Marcus shook his head. “Nothing.”
“Not nothing. Talk to me.”
Marcus glared at him. For some reason, that demand made him furious. “No one ever cares what I have to say,” he said through clenched teeth. “So why should I?”
Why should I tell you being around you makes me feel… something. I don’t even know what.
“Because I’m not no one. I’m me. You chose me, at least for a meal and a night. You’re still here. Why?”
Marcus shifted his glare to the hand on his leg and ground his teeth.
Eli moved his hand.
The release was… awful. Marcus wanted the touch back. He glanced up to find Eli watching him, even as he carefully cut off a small section of pancake and put it in his mouth.
Once he was done chewing and had swallowed his mouthful, Eli lifted both eyebrows. “Still here,” he said, voice so calm Marcus wanted to punch him. And move closer to steal some of that calm for himself.
His only move was to curl his fingers tight around the seat cushion, like he needed that grip to hold himself in place.
“One of the reasons guys seek me out,” Eli said as he turned his gaze back to his plate, “is because they want to feel safe. Even if it’s only for a few hours. They can be whoever they want with me, and they know I’m not going to hurt them. Physically or otherwise. It takes a lot for most guys to admit they want that.”
“Safe.” Marcus crumpled the seat cushion.

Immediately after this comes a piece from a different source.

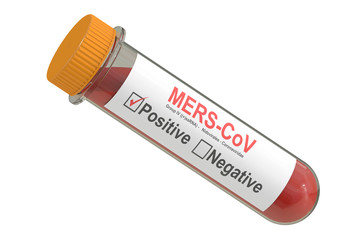 Test tube with blood sample positive with Mers cov virus, 3D ren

“Sure.” Lifting one shoulder as he cut up his food, Eli kept his eyes turned to his plate. “Maybe my not being the most attractive guy in the room adds to that.” He paused, like he was weighing something in his head, then shrugged again. “You brush it off when I say this, but you are gorgeous. Beauty can be intimidating.” He finally looked up, a crooked expression on his face. “When you walked into the restaurant last night, I just about chickened out. In that split second before you saw me sitting there, I thought I had the time to disappear.”
“Why would you?”
“Because I thought, what would you ever see in me? No one sees past the extra pounds, the ambiguous skin tone, the social awkwardness.”
Pent-up steam pushing through the surface gurgled out of Marcus in a soft, semi-hysterical chuckle. “What makes you think I don’t have all the same hang-ups? The not-being-white-enough I get. I don’t even know for sure where the brown skin comes from, but there it is. I suppose it makes me exotic or some shit,” he explained when Eli tipped his head to one side and peered at him.

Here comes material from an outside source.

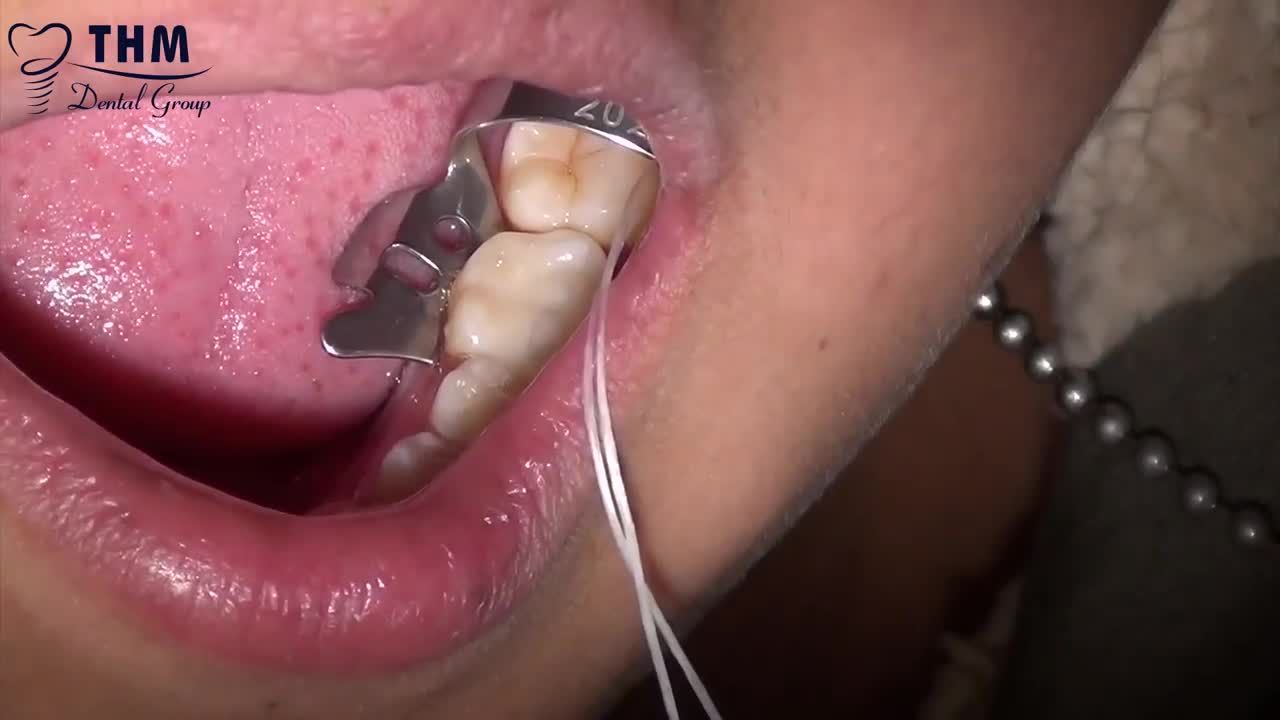 CHỮA TỦY CHO RĂNG ĂN NHAI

“What do you mean, don’t know where it comes from?”
Shrugging, Marcus tamped down on his unruly stomach. At least explaining his messed-up family was a distraction. “Both my parents are white. My dad’s side of the family can trace itself all the way back to Jolly Ol’ England, according to Aunt Iris.”
“And your mother?”
He shrugged again. “Who knows. I remember she had the thickest black eyebrows and a million miles of curly black hair. But I also remember holding her hand, and we were not the same colour. Aunt Iris had one picture of my father, and he was just as white as Iris and Johnathan.”

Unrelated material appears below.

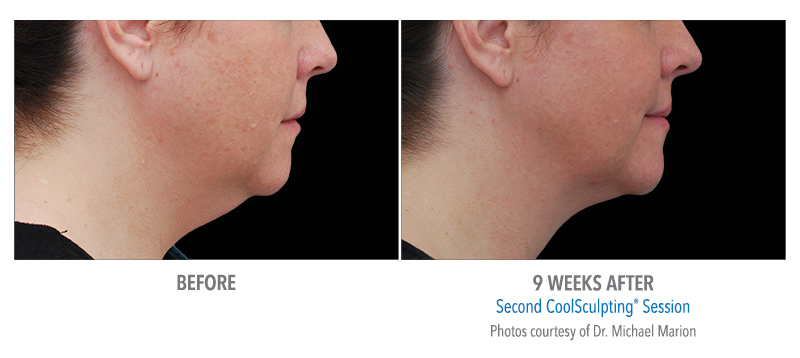 coolsculpting double chin san diego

“So somewhere in your mother’s family, then.”
“I suppose. They say these things can skip generations, right? Like red hair or something? If I had to guess, I would say someone emigrated from India or Pakistan or someplace like that somewhere along the way. Aunt Iris tried to find out, but apparently, it can be damn hard to find anything if just one person doesn’t keep any paperwork.”
“And your mother didn’t?”
Marcus grimaced. “Most days she didn’t even know which kid was which.” He shook himself. “And anyway, I was seven when I was taken out of that, and I had Iris, so whatever. Moving on.”
Eli nodded. “Moving on.” He took another bite of his pancakes, and for a few minutes, all they did was sit quietly while Eli ate and Marcus watched him.
After a bit, Marcus found he could pull in a clean breath, and his stomach had settled. He sipped his coffee, not sure he was up to pancakes again quite yet. “You always talk about your hook-ups this much?”
“I did mention socially awkward, didn’t I?”
“You did.” Setting his cup back on the table, Marcus wrapped both hands around it. The warmth was comforting. “For the record, you’re more attractive than you think you are.”
“I know what I am, Marcus. It’s fine.”
“You’re exactly the size and shape you’re supposed to be. Trust me. Looks aren’t everything.”